From the entries below, return only the lines starting at the one that contains "Torebka dziecięca Tut" and ending at the one that contains "عکس کوچه دکتر حسابی 14/10 فریمان", exactly as they stand.

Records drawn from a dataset
----------------------------------------

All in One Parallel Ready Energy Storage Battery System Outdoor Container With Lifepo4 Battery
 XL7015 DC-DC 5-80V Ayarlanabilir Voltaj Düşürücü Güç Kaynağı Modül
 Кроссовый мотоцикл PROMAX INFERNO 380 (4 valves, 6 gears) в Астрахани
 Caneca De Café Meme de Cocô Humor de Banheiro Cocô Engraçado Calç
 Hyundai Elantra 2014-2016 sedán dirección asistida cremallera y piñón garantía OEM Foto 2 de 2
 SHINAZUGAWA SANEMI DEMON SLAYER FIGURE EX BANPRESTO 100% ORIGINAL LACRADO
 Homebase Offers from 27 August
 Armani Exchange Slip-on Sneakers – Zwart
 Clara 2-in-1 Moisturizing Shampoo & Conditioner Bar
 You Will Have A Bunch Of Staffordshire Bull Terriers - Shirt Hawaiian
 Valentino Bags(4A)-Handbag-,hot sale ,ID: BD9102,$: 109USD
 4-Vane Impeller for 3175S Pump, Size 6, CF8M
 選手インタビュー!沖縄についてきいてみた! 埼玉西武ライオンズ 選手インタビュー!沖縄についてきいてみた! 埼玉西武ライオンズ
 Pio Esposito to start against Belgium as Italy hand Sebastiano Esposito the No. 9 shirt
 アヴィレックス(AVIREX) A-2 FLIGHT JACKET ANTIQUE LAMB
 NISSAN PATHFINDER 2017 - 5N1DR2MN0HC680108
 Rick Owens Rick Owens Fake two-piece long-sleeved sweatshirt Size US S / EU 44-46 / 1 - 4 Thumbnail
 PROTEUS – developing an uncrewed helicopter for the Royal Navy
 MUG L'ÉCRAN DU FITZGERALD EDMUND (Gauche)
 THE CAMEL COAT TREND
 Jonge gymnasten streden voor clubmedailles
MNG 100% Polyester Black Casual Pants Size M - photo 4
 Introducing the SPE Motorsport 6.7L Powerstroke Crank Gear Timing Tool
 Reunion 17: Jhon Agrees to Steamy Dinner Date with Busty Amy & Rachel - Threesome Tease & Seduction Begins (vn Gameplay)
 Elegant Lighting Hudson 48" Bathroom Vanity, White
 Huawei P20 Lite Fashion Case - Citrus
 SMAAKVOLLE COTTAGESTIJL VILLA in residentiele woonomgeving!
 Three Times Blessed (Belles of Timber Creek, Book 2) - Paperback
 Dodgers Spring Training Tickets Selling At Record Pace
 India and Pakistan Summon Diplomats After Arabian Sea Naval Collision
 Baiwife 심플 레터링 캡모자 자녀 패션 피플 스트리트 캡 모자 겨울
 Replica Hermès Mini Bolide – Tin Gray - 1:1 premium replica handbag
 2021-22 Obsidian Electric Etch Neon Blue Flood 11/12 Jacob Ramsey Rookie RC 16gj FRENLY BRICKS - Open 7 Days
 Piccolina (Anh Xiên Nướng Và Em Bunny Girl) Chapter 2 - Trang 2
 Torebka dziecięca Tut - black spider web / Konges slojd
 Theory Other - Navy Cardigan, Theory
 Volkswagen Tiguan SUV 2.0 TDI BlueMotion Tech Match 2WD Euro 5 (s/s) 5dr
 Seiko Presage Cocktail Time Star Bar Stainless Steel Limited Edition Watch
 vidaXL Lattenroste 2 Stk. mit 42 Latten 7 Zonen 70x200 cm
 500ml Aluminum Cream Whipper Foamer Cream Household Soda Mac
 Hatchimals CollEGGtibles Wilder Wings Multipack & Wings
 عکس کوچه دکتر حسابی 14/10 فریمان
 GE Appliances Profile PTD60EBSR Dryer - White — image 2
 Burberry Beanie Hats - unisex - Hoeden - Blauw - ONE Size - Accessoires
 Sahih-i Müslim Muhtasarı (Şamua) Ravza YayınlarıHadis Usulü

----------------------------------------

### Response
 Torebka dziecięca Tut - black spider web / Konges slojd
 Theory Other - Navy Cardigan, Theory
 Volkswagen Tiguan SUV 2.0 TDI BlueMotion Tech Match 2WD Euro 5 (s/s) 5dr
 Seiko Presage Cocktail Time Star Bar Stainless Steel Limited Edition Watch
 vidaXL Lattenroste 2 Stk. mit 42 Latten 7 Zonen 70x200 cm
 500ml Aluminum Cream Whipper Foamer Cream Household Soda Mac
 Hatchimals CollEGGtibles Wilder Wings Multipack & Wings
 عکس کوچه دکتر حسابی 14/10 فریمان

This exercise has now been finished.